Joining desperate dataset in python

Hello Durga sir,
i was going thriugh your video for joining datasets using pyspark.
i have 2 diferent virtual machine and in spark i donot have sqoop in it.
so for creating order and order_item table, i created the table in hive and then copied the data from ur github acount and loaded my hive table by LOAD INPATH.
now the problem is when i create the split for key value i get an error.
for order_item i donot get an error as the datatypes are nt of string type. but for order table i get error as we have 2 fields of string type.

below is my table structure , sample data, RDD,and error.
please help as i am stuck with it.

1)table structure
describe orders;
order_id int
order_date string
order_cust_id int
order_status string
Time taken: 0.409 seconds, Fetched: 4 row(s)

2)sample data
68861,2014-06-13 00:00:00.0,3031,PENDING_PAYMENT
68862,2014-06-15 00:00:00.0,7326,PROCESSING
68863,2014-06-16 00:00:00.0,3361,CLOSED
68864,2014-06-18 00:00:00.0,9634,ON_HOLD

ordersplitRDD = rec:(int(rec.split(",")[0]),rec))

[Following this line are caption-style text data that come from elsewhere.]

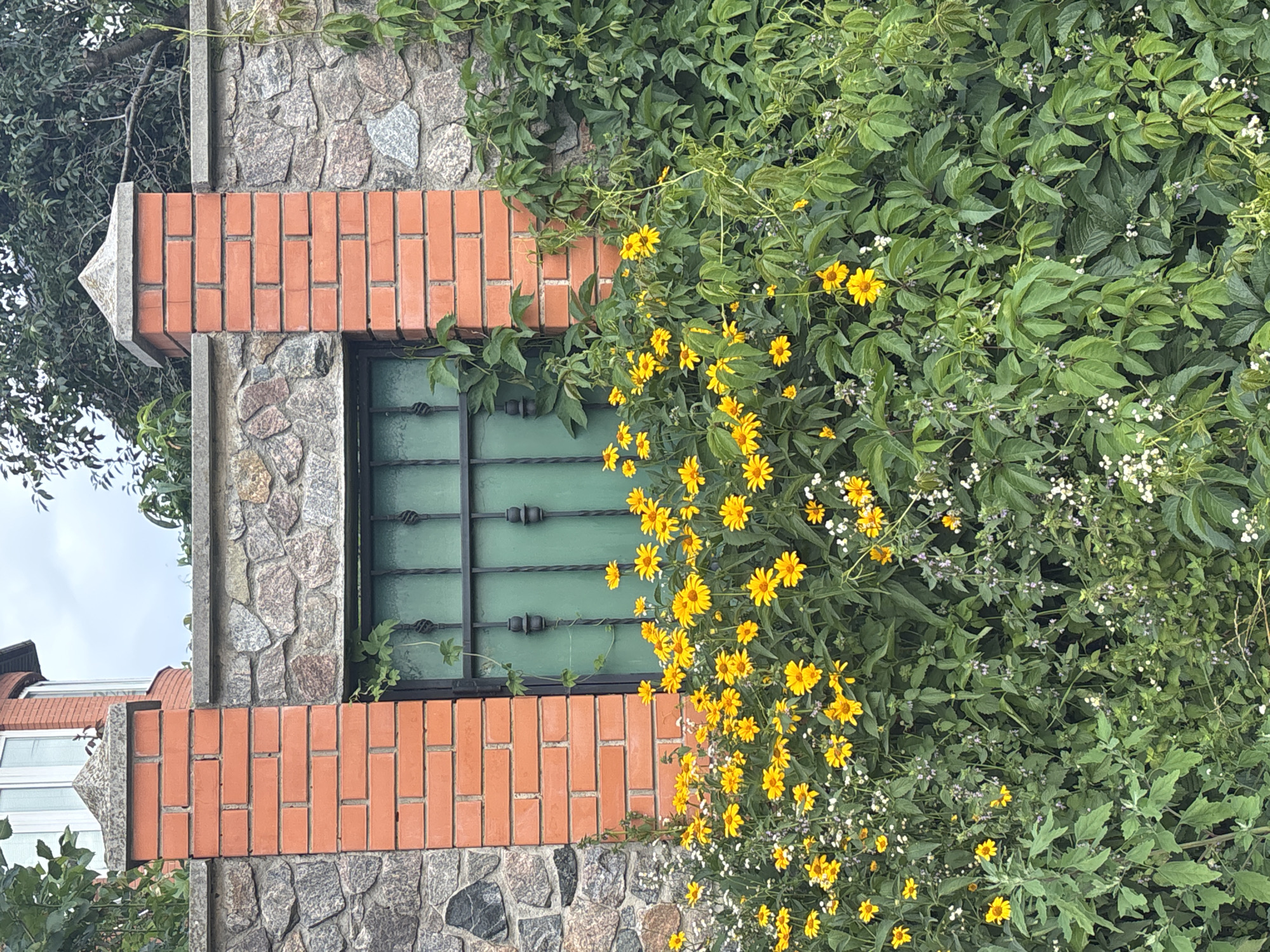 The image shows a stone and brick fence with a window featuring a metal grate. In front of the fence, there is a dense growth of various plants, including yellow flowers and small white flowers. The scene appears to be in an outdoor setting, likely a garden or yard, in Bila Tserkva, Ukraine. The weather appears overcast, contributing to a subdued lighting.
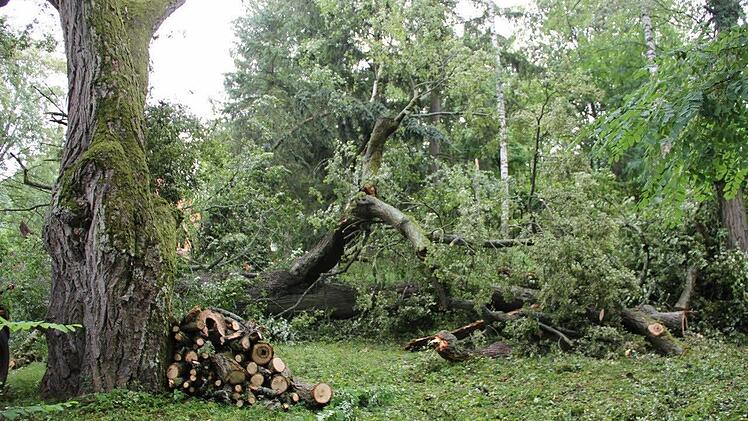 Auch eine unterhalb des umgestürzten Baumes stehende Linde zeigt Schäden. Jetzt muss geprüft werden, ob sie stehen bleiben kann oder im schlimmsten Fall gefällt werden muss.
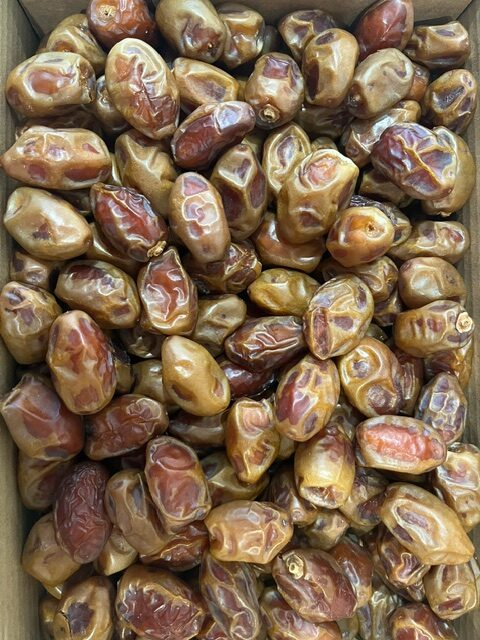 Muneif dates. datteleria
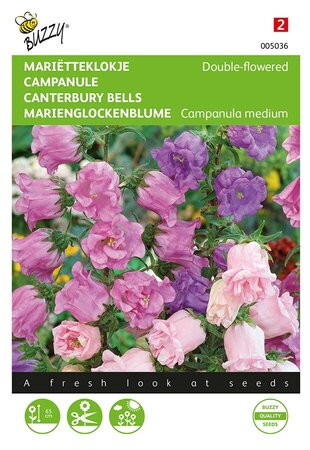 Buzzy® Campanula, Mariëtteklokje dubbelbloemig - afbeelding 1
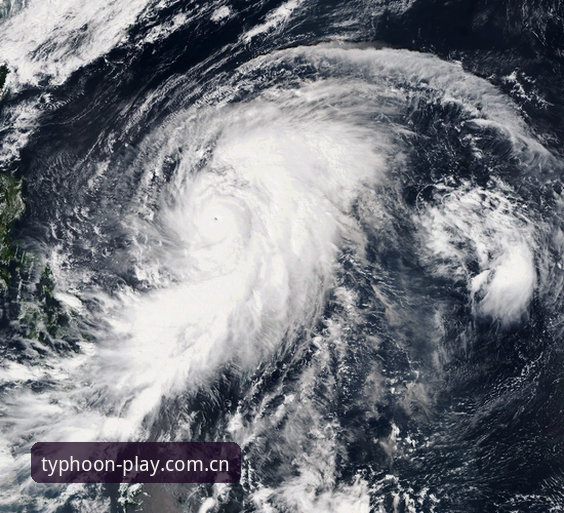凤凰TYPHOON v2.3.1安装包下载失败深度评测——解决下载难题的五大实战方案
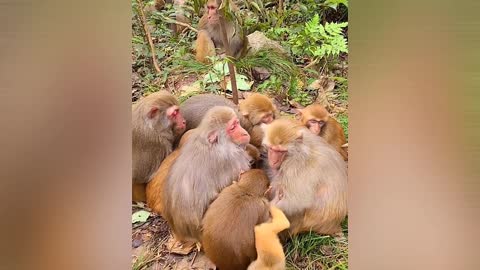 There's a get-together 😂🐒 #monkey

4)error:(it takes the data value as string)
yield next(iterator)
File “”, line 1, in
ValueError: invalid literal for int() with base 10: ‘:00:00.0’

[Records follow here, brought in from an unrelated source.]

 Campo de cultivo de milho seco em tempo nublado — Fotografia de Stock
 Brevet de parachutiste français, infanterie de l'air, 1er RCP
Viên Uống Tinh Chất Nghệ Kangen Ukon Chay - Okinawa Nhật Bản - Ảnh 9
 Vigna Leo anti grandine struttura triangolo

please let me know for any further information if required.

in point 4) i mean its taking the DATE value as INT, where as i am only applying the int to first field [0]

@itversity hello sir please look into this wen you get time.
thank you

Ideally, it should not throw an error since only the first field is being cast. @Avinash_Parida did you follow any video for the example. @itversity, any idea on why the issue is being present.

hello Pramod,
yes this example is from the video tutorial only.
the only difference is i didnot import the table from mysql as i donot have sqoop in my spark machine.
so i created a table in hive and loaded the data from a textfile usinf LOAD INPATH … (records are same as that of the video , i copied it from github account)
thank you.

Pl check you delimiters, if it is using hive default delimiters which is \u0001 and not “,” (comma) as you are using comma in your pyspark command. Due to this it may be causing the issue.

Check describe formatted in hive.

oh yes, correct . i havent checked that . i will check this one too and let you know.
thanks @N_Chakote.

i checked the hive table and it is using “,” as field separator and “\n” as line terminator.
i am not sure what the issue is here then.

Can you post u r all code from order RDD. Can you try removing Int type cast and check. Also check u r source file, may be date column in one or all records are not seperated properly in source file.
From where u r reading file, i.e from Hive dir or user space in hdfs.

Hello @N_Chakote : i finally found the reason for this .
as i had mentioned earlier i loaded a texfile with records copied from github account into the hive table.
when i created the texfile, while doing a vi i had actually had two copies open for the same text file , so when we do this linux gives a warning that another copy is open and it wrires the datetime stamp and the status in the file.
so basically the textfile i had imported to the hive table had first line of data as the time stamp and the status as ON_HOLD.
the coincidence is the data i copied from github(table :order) had also same data format , i.e date time stamp and the order status so i overlooked the first line thinking it is the line from the record where as it was actually the warning that linux had written while i did a duplicate vi. ( it was also written as 2016-12-30 00:00:00, ON_HOLD).
so it was giving an error. i removed the first line from the textfile and recompiled the code and it works fine.

its really intriguing to note the data format and the error format being the same.

thank you for your patience for this long post.

Ohh good you found the error. Good learning experience to me too for future.